From: Charles Lindsey (chl@clw.cs.man.ac.uk)
Date: Wed Aug 07 2002 - 06:03:54 CDT
In <Pine.LNX.3.91.1020806190409.10567F-100000@darkstar.prodigy.com> Bill Davidsen <davidsen@prodigy.com> writes:
>On Tue, 6 Aug 2002, Charles Lindsey wrote:
>> Well my sendmail, configured more or less as out of the box, had no
>> problem sending to Andrew's address. However, I see that some Earthlink
>> MTA has rejected it, and also a Linone one (using exim apparently).
>>
I am surprised that noone else has come back on this one. Russ? Andrew?
Or do we take the view that the servers that do these stupid things are
broken and can safely be ignored?
>> So what do we do? Look at some oither character?
>Can someone make a QUICK suggestion? I'm looking at my keyboard, and I
>see characters not in my sendmail.cf, but I don't feel confident they
>aren't magic elsewhere in mail, if only as problem causers.

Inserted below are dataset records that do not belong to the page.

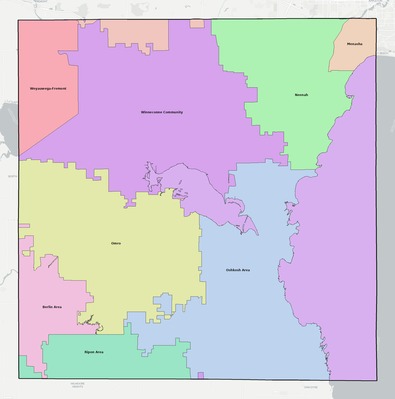 Winnebago County WI school district boundaries map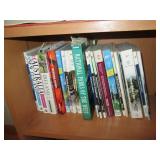 Wood bookshelf plus content appro...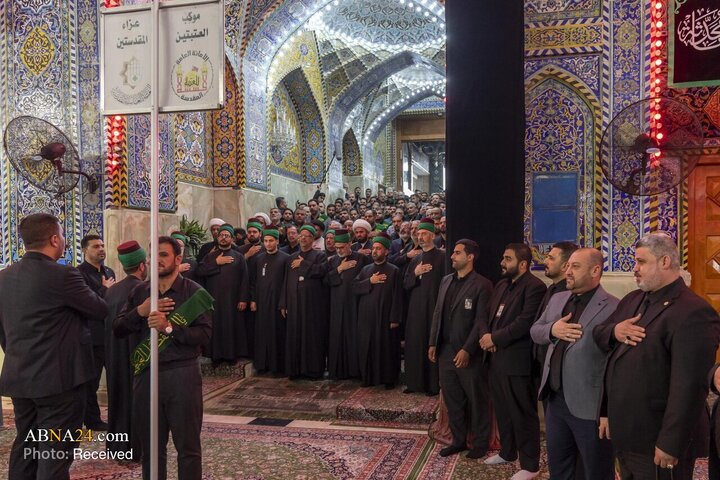 دسته عزای مشترک خادمان حرم‌های مطهر حسینی و عباسی، در شهادت حضرت فاطمه(س)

>My mail goddess has gone home, all I can do is test against a few
>mailers, none of which objected to ` in an address. Don't take that as a
>recommendation, someone probably doesn't like that either :-(
OK. First of all we require a printable ASCII character, and it MUST NOT
be a valid character in a newsgroup-name, nor must it be a ',' or a '.'.
So that gives us:
! " # $ % & ' ( ) * / : ; < = > ? @ [ \ ] ^ ` { | } ~
Now we remove those which are not legal in a local-part (i.e. in an atom,
because we don't want to be using quoted-strings) (RFC 2822). That
leaves:
! # $ % & ' * / = ? ^ ` { | } ~
'!' (uucp) and '%' (% hack) go because theye are meaningful to some mail
systems. But I think the rest are safe from that POV.
# $ & ' * / = ? ^ ` { | } ~
Now we need to exclude those that are likely to get escaped in URIs (the
last thing we want is escaped escape characters). These things will
certainly get into mailto URIs, and may get into news URIs as well.

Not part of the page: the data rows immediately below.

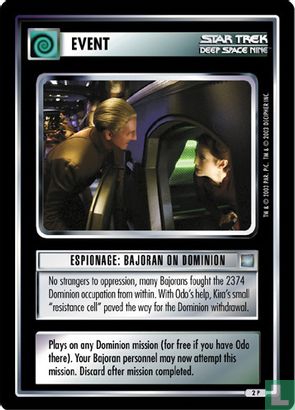 Espionage: Bajoran on Dominion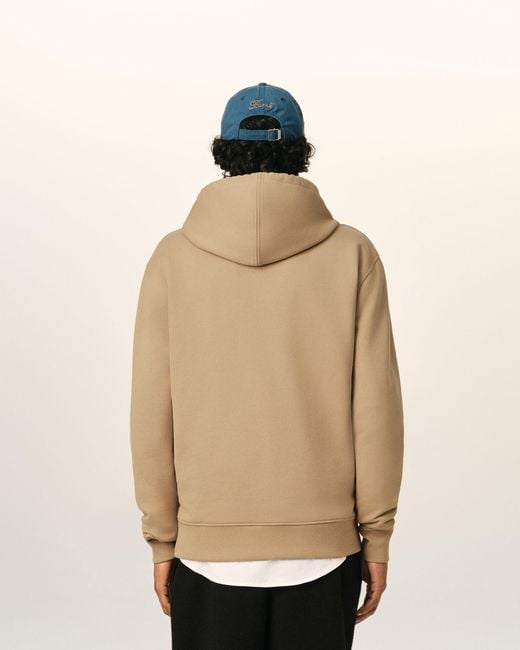 AMI Natural Zipped Cotton Hoodie With Ami De Coeur for men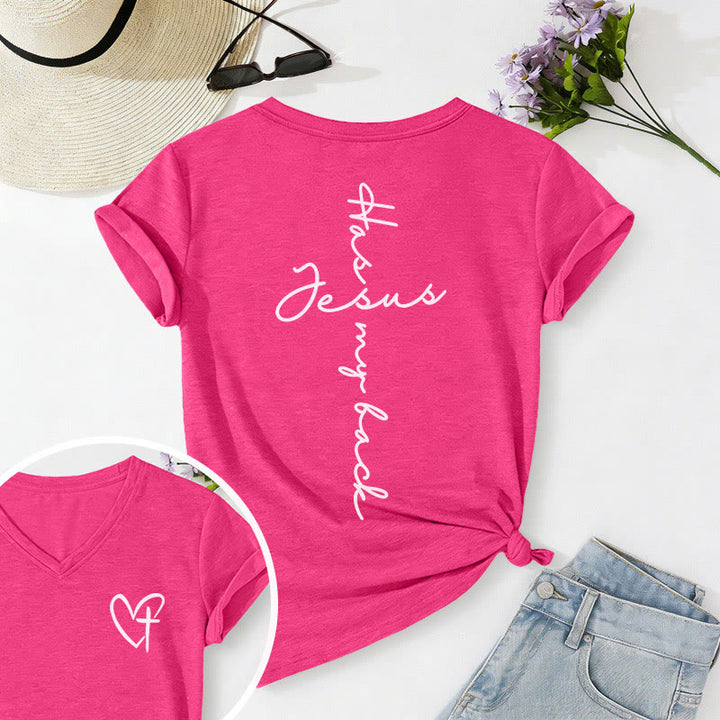 Christianartworkshop Lässiges T-Shirt mit V-Ausschnitt und Aufdruck „Jesus Has My Back“ vorne und hinten - Rose - 2XL - image 72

RFC2396 is somewhat vague here, because different components of a URI have
different requirements, and some bofhish systems tend to escape everything
whether necessary or not. But excluding the characters defined as "delims"
or 'unwise' in RFC2396 reduces us to
$ & ' * / = ? ^ ~
And then likely extensions to the news URI, allowing a server name to be
given, will surely make use of '/'; and according to RFC 1738 '*' has a
special meaning in news URIs.
$ & ' = ? ^ ~
Now I want to exclude '?', because it is one of the characters that
introduces an RFC 2047 encoding, and we don't want our encodings to be
confused with those, do we? Yes, I know that '=' also occurs in RFC 2047
alongside the '=', but removing one of them is sufficient. Also, I still
have lingering doubts over '?' in URIs, though it _should_ be unambiguous
there.
$ & ' = ^ ~
For aesthetic reasons, I would remove "'" and "^" (they are inconspicuous,
and people may use "'" to quote the complete newsgroup-name in texts,
leading to mismatched 's.
$ & = ~
Of these I think '=' has to be the front runner, since it is already
widely used to introduce hexadecimal encodings (quoted-printable and RFC
2047), so people seeing it for the first time will likely guess what it
means. So are there any gotchas?
Well, if one of these things ever gets passed through quoted-printable,
the '=' will get munged, but that only affects people who look at raw q-p,
and user agents aren't supposed to show you that.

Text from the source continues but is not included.